Unreal Studio for Engineers Part 4: The Final Product
Michael Alba posted on September 10, 2019 |
The conclusion to our series on using Unreal Studio for interactive rendering and configuration.
Model of a 2015 Mercedes AMT GT rendered in Unreal Studio.
Model of a 2015 Mercedes AMT GT rendered in Unreal Studio.

Welcome to the fourth and final part of our series on Unreal Studio* for engineers. In this entry, all our hard work will pay off as we create a final product for our interactive sportscar rendering. But first, a quick recap of how we got to this point.

In Unreal Studio for Engineers Part 1, we introduced the basics of Unreal Studio, including how to set up the program and navigate its user interface (if you haven’t done so by now, you can still download the beta of Unreal Studio for free).
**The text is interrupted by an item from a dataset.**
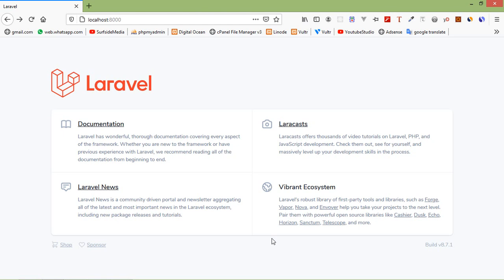Hi everyone, welcome back to the Laravel 8 tutorial. In this video, we are going to learn about Livewire Lifecycle Hooks. A lifecycle of a Livewire application includes various changes the application has to go through in order to be completed. Laravel Livewire provides 6 types of lifecycle hook methods so that we can make use of these methods for various reasons, such as controlling DOM updates when the value of a property changes, showing a message to the client when some lengthy task is being performed, or setting and unsetting properties.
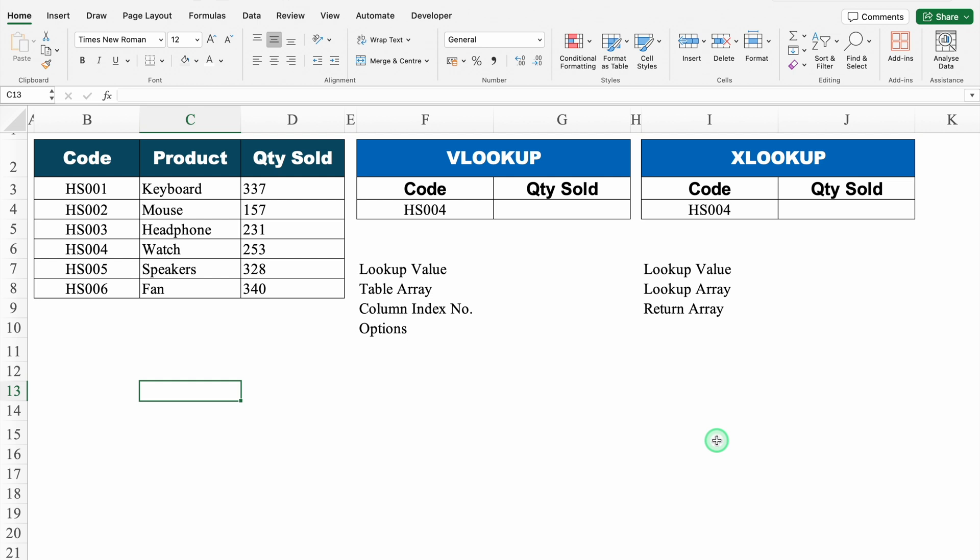In today's video, we will see few examples of XLOOKUP. Before starting the examples of XLOOKUP, we will cover VLOOKUP first and then we will see how XLOOKUP is better than VLOOKUP.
Part One also described how to use Datasmith to import CAD geometry and other 3D data. We brought in a SOLIDWORKS model of a 2015 Mercedes AMG GT (courtesy of Yusuf Buwanguzi; you can find the model here) and a SketchUp model of a hangar to house it in.

The 3D model we imported into Unreal Studio in Part One.
The 3D model we imported into Unreal Studio in Part One.

In Unreal Studio for Engineers Part 2, we began with a deeper look at applying materials to our scene. First, we downloaded the Automotive Materials Pack from Epic Games and added it to our project. Then, we looked at how to create our own custom materials with Unreal Studio’s Material Editor system. Next, we examined the lighting of our scene and learned about baked lighting, real-time lighting and how Unreal Studio handles UV mapping. Finally, we took a brief look at using Volumes in Unreal Studio.

Defining a custom material in Unreal Studio’s Material Editor.
Defining a custom material in Unreal Studio’s Material Editor.

In Unreal Studio for Engineers Part 3, we began by using Blueprints to configure an X-Ray material, which we used as a template for a new Material Instance. We then looked at how to use Variant Manager to create two different configurations of our vehicle, a useful feature for customizable products. Finally, we looked at how to enhance our user interface with custom button widgets and multiple camera setups.

Variant of our car with X-Ray materials.
Variant of our car with X-Ray materials.

Completing the User Interface

We created a nice user interface widget in Part 3, but let’s add some additional functionality to make the experience better for our users. Our eventual goal is for potential customers to be able to navigate the 3D world on their own, examining the model as they see fit. We want to give them an intuitive and easy way to do this.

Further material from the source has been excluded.